I want to share my opinion on this comment of “too ambitious”. I acknowledge that in the beginning I shared the same view with the reviewers, and even argued emotionally with my current supervisor. As a data person in core, I care about uncertainty and interpretability as much as any serious data scientist, which means I also preferred a small study area with lots of data to fully evaluate all the uncertainties and the physical meanings of the atmospheric processes. However, with time passing by and with more knowledges, I do grow a convincing view of the global-scale study, as besides the social and academic impacts, this is the only way of appreciating the heterogeneities between regions, and importantly, with global coverage satellite imagery and more and more geospatial data, it is a matter of time that we make high quality, high resolution global maps, then the next step? A better exposure assessment. I want to shout out that all these evolutions will be happening within the next three years! However, for researchers never gave the global-scale modelling a deep thought, “too ambitious” is going to be the intuition, based on their many years of experiences as professors.

The other point that the committee raised is about the uncertainty from data sources, this part was in the beginning elaborated but suggested to be removed by my supervisor. This is clearly due to different perspectives from researchers from different background caring different aspects. My supervisor thinks no-one would care about the uncertainty. The proposal is limited to less than 1800 words, I agreed purely because I got to elaborate my plans, otherwise the critics would be the plan is not clear.

Reflecting on the two points, before working on the global mapping, I am completely in-line with the committees. If I were the committee, I would reach to the same comments and would also prefer the proposal B, but the key point is, my opinion changed after setting hands on the global mapping — I like both proposals equally! For the globals-scale study, I was not stating the accuracy is the same everywhere, but I did promised uncertainty assessment everywhere. Importantly, if the global mapping is not started, it won’t ever started because the committee will always find it too ambitious. And for the challenging areas there will never be an estimation, and the estimation will never be improved!

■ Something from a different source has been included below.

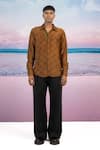 Siddhartha Bansal_Brown Silk Tiger Printed Shirt _Online_at_Aza_Fashions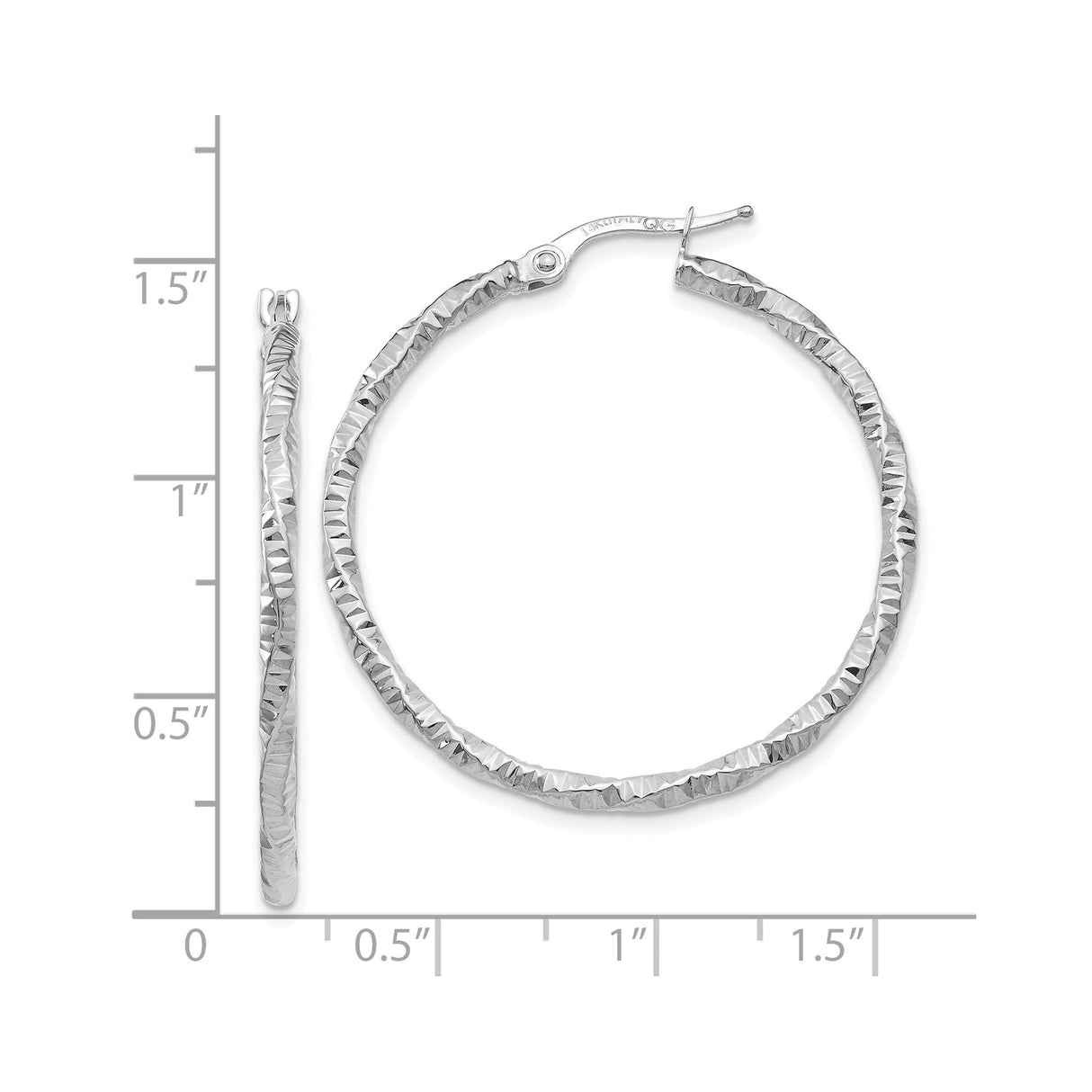 14k White Gold Hoop Earrings with Twisted Diamond Cut Design, Lightweight and Textured Finish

Here comes my critics for the grant system: for something no-one has done before, the judgement may be greatly biased! This problem is exacerbated by the word limit. It is hard to both convince the committee and write a plan in limited words. Some changes are needed. At least the rebuttal should be allowed to be longer. Second of all, the committee should analyse the opinions from all the reviewers carefully. It is now clearly indicated in the letter that the committee is not obliged to follow the referees’ report completely.